The main weakness in the Ramsey approach is obvious: there is no explicit motivation for the restrictions that drive the analysis. Why should the government be restricted to using linear taxes? Virtually all real-world labor income tax codes display nontrivial amounts of non linearity. Why should the government be restricted to using functions of current variables? At least in the United States, federal taxes depend in complicated ways on the full history of assetholdings (through the use of basis calculations) and federal (social security) transfers depend in complicated ways on the history of labor incomes.
This weakness in the Ramsey approach has led to a new literature about the optimal taxation question. Under the new approach, instead of specifying an arbitrary set of tax instruments, the investigator first specifies the informational and/or enforcement frictions that limit the government’s ability to extract revenue. Then, the investigator designs a tax system that implements a constrained Pareto optimal allocation given these rictions..
A key step in using this approach is knowing what frictions constrain the government. At least so far, the new literature is basically a dynamic extension of Mirrlees (1971)’s basic framework, which centers on two key insights. The first is that a - if not the - major risk in life is skill risk. Some people are born with the ability to produce large amounts of output with relatively little effort. Others are not. Over time, some people lose their ability to generate output (because of back pain or mental illness). Others do not.

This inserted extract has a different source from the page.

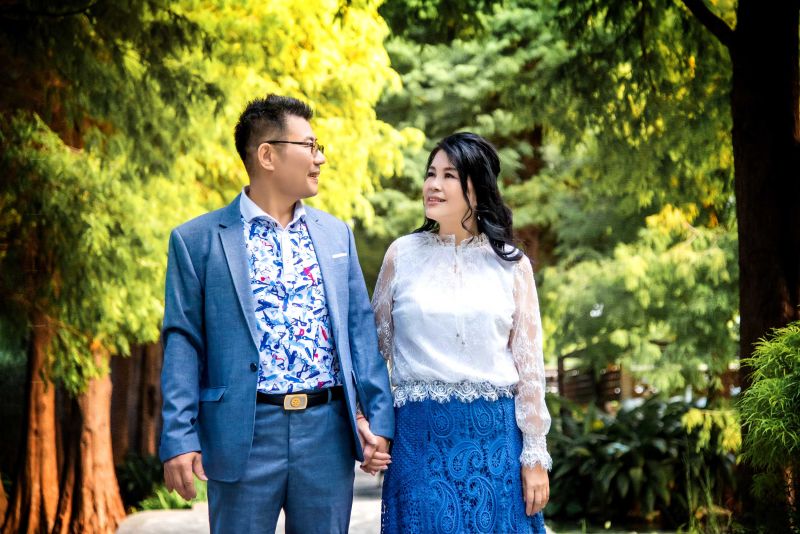 ▲台語歌壇夫妻檔歌手葉冠成(左)、廖鳳英,男方是中部電器大亨。(圖/音圓唱片提供)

It is straightforward to design a tax system that fully insures people against skill shocks: tax everyone at 100% and split the proceeds evenly across people, regardless of what they produced. Such a tax system works well, as long as skills and effort are fully observable. With this kind of information in hand, the government can simply order the highly-skilled people to work hard.

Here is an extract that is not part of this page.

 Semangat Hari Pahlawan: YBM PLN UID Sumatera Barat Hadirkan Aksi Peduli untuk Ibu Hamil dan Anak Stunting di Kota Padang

Mirrlees’ second insight explains why this kind of system will not work well: skills and effort are often private information. In terms of the natal risks that Mirrlees himself stresses, people with high I.Q.’s can readily mimic people with low I.Q.’s. In terms of post-natal skill risks, it is easy to fake back pain or mental illness - there are few non-manipulable physical signs of these ailments.
The equal-split tax scheme by the government can still be used if skills and effort are private information. However, it is no longer desirable. If people are being taxed at 100%, all of the high-skilled people will work as if they are low-skilled. Because it can no longer directly command the high-skilled to work, the government now has to use the tax system to achieve two conflicting goals. As before, the tax system must insure people against skill shocks. But it must also provide incentives to motivate the skilled to produce more income than the low-skilled.
It is important to emphasize that the economic forces in this new Mirrlees literature are fundamentally different from the forces in the old Ramsey literature. Under the Ramsey approach, the government is banned from using lump-sum taxes. Its objective is to minimize the social costs associated with using linear taxes. Under the Mirrlees approach, the government is allowed to use lump-sum taxes, but chooses not to. Its objective is to find the optimal trade-off between incentives and insurance.